Mark Stoops coached his team to an upset win over Louisville, came home and celebrated with the fans who had descended on Commonwealth Stadium, and then disappeared.
His whereabouts were no great mystery; he was back on the same recruiting trail that has yielded the players who elevated his program to the point where fans are dropping what they’re doing and heading out to celebrate a victory over their arch-rival. And Stoops enjoyed it, but he knew he needed even more players. So he left town.
A few days later he was back and catching up on some personal errands. On his way to the bank, he couldn’t help noticing how other drivers were honking their horns.
“Everybody starts beeping and waving and yelling at me, it was like, what’s going on, man?” Stoops said Monday. “It was just another normal day for me.”
Maybe for you, but not for these football fans. They’re all happy. Kentucky is going to a bowl game.

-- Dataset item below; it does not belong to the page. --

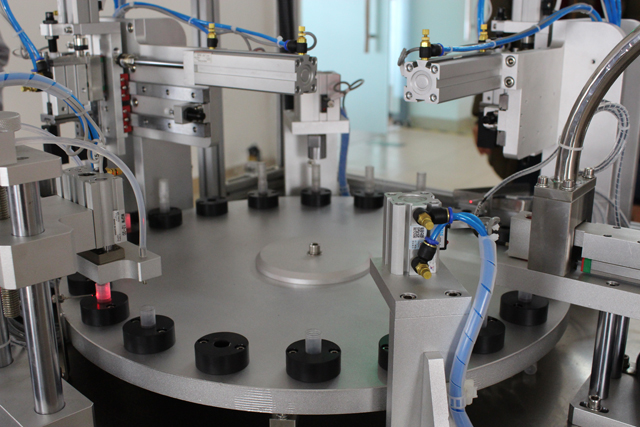 kitöltő présgép automata.jpg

These are people who haven’t had the option of buying a bowl game ticket in six years and even then, in 2010, your hard-earned money would have landed you a seat at the Compass Bowl. Sure, it was at historic Legion Field, the very stadium where Bear Bryant and Shug Jordan used to exchange nasty glares. But it was in a part of Birmingham that, sadly, resembles a war zone these days.
The Cats will play in the sun. At least, that’s what you would expect from a city where the weather on New Year’s Eve usually ranges from 46 to 63 degrees. And you would think tickets would fly off the shelves to fans who actually began to complain a few years back about multiple trips to the Music City Bowl.
Of course, that was before bowl games disappeared from the UK football landscape. But now, thanks to a remarkable turnaround, the Wildcats have returned to the post-season. They get to hang around with all the other college football cool kids.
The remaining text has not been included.